Vu la procédure suivante :
Procédure contentieuse antérieure :
Mme A... B... a demandé au tribunal administratif de Paris d'annuler l'arrêté du 2 février 2024 par lequel le préfet de police a refusé de lui délivrer un certificat de résidence, l'a obligée à quitter le territoire français dans un délai de trente jours et a fixé le pays à destination duquel elle est susceptible d'être éloignée.
Par un jugement n° 2403991/8 du 30 avril 2024, le tribunal administratif de Paris a rejeté sa demande.
Procédure devant la cour :
Par une requête, enregistrée le 13 mai 2024, Mme B..., représentée par Me Megherbi, demande à la cour :
1°) d'annuler ce jugement du 30 avril 2024 ;
2°) d'annuler l'arrêté du préfet de police du 2 février 2024 ;
3°) d'enjoindre au préfet de police de lui délivrer un certificat de résidence sur le fondement des stipulations du b) de l'article 7 bis de l'accord franco-algérien du 27 décembre 1968 dans un délai d'un mois à compter de la notification de l'arrêt à intervenir, sous astreinte de 200 euros par jour de retard ;
4°) de mettre à la charge de l'Etat une somme de 2 400 euros en application de l'article L. 761-1 du code de justice administrative.
Elle soutient que :
S'agissant de la décision de refus de titre de séjour :
- elle n'est pas suffisamment motivée ;
- elle est entachée d'une erreur manifeste d'appréciation au regard des stipulations du b) de l'article 7 bis de l'accord franco-algérien du 27 décembre 1968 ;
- elle est entachée d'une erreur manifeste dans l'appréciation de ses conséquences sur sa situation personnelle ;
S'agissant de la décision portant obligation de quitter le territoire français :
- elle est, par voie d'exception, illégale du fait de l'illégalité de la décision de refus de titre de séjour ;
- elle méconnaît les stipulations de l'article 8 de la convention européenne de sauvegarde des droits de l'homme et des libertés fondamentales.
Par un mémoire en défense, enregistré le 29 août 2024, le préfet de police conclut au rejet de la requête.
Il soutient que les moyens soulevés par la requérante ne sont pas fondés.
Vu les autres pièces du dossier.
Vu :
- la convention européenne de sauvegarde des droits de l'homme et des libertés fondamentales ;
- l'accord entre le Gouvernement de la République française et le Gouvernement de la République algérienne démocratique et populaire relatif à la circulation, à l'emploi et au séjour en France des ressortissants algériens et de leurs familles, complété par un protocole, deux échanges de lettres et une annexe, signé à Alger le 27 décembre 1968 ;
- le code de l'entrée et du séjour des étrangers et du droit d'asile ;
- le code des relations entre le public et l'administration ;
- le code de justice administrative.
La présidente de la formation de jugement a dispensé la rapporteure publique, sur sa proposition, de prononcer des conclusions à l'audience.
Les parties ont été régulièrement averties du jour de l'audience.
Ont été entendus au cours de l'audience publique :
- le rapport de M. Desvigne-Repusseau,
- et les observations de Me Megherbi, avocat de Mme B....
Considérant ce qui suit :
1. Mme B..., ressortissante algérienne née en 1964, a sollicité le 25 janvier 2023 la délivrance d'un certificat de résidence en sa qualité d'ascendante à charge d'une ressortissante française sur le fondement des stipulations du b) de l'article 7 bis de l'accord franco-algérien du 27 décembre 1968. Par un arrêté du 2 février 2024, le préfet de police a rejeté sa demande, l'a obligée à quitter le territoire français dans un délai de trente jours et a fixé le pays à destination duquel elle est susceptible d'être éloignée.
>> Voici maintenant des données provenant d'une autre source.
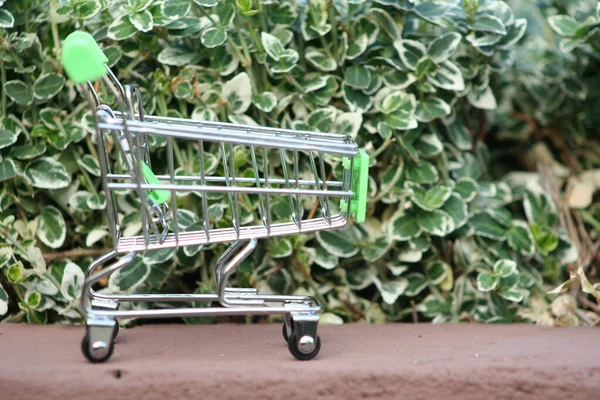 Mini Shopping Trolley Table Shines Sun Symbolizing Marketing Shopping Concept — Stock Photo, Image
Mme B... fait appel du jugement du 30 avril 2024 par lequel le tribunal administratif de Paris a rejeté sa demande tendant à l'annulation de cet arrêté.
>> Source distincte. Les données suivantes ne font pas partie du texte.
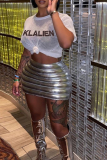 Cream White Fashion Print Mesh O Neck T-Shirts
Sur la décision de refus de titre de séjour :
2. En premier lieu, Mme B... ne fait valoir aucun élément de fait ou de droit nouveau de nature à remettre en cause l'appréciation des premiers juges sur le moyen tiré d'une insuffisance de motivation de la décision attaquée. Par suite, il y a lieu d'écarter ce moyen par adoption des motifs retenus à bon droit par les premiers juges.
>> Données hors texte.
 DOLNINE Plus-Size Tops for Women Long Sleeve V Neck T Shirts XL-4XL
3. En second lieu, aux termes de l'article 7 bis de l'accord franco-algérien du 27 décembre 1968 : " (...) / Le certificat de résidence valable dix ans est délivré de plein droit sous réserve de la régularité du séjour pour ce qui concerne les catégories visées au a), au b), au c) et au g) : / (...) / b) (...) aux ascendants d'un ressortissant français et de son conjoint qui sont à sa charge / (...) ". L'autorité administrative, lorsqu'elle est saisie d'une demande tendant à la délivrance d'un certificat de résidence au bénéfice d'un ressortissant algérien qui fait état de sa qualité d'ascendant à charge d'un ressortissant français, peut légalement fonder sa décision de refus sur la circonstance que l'intéressé ne saurait être regardé comme étant à la charge de son descendant, dès lors qu'il dispose de ressources propres lui permettant de subvenir aux besoins de la vie courante dans des conditions décentes, que son descendant de nationalité française ne pourvoit pas régulièrement à ses besoins ou qu'il ne justifie pas des ressources nécessaires pour le faire.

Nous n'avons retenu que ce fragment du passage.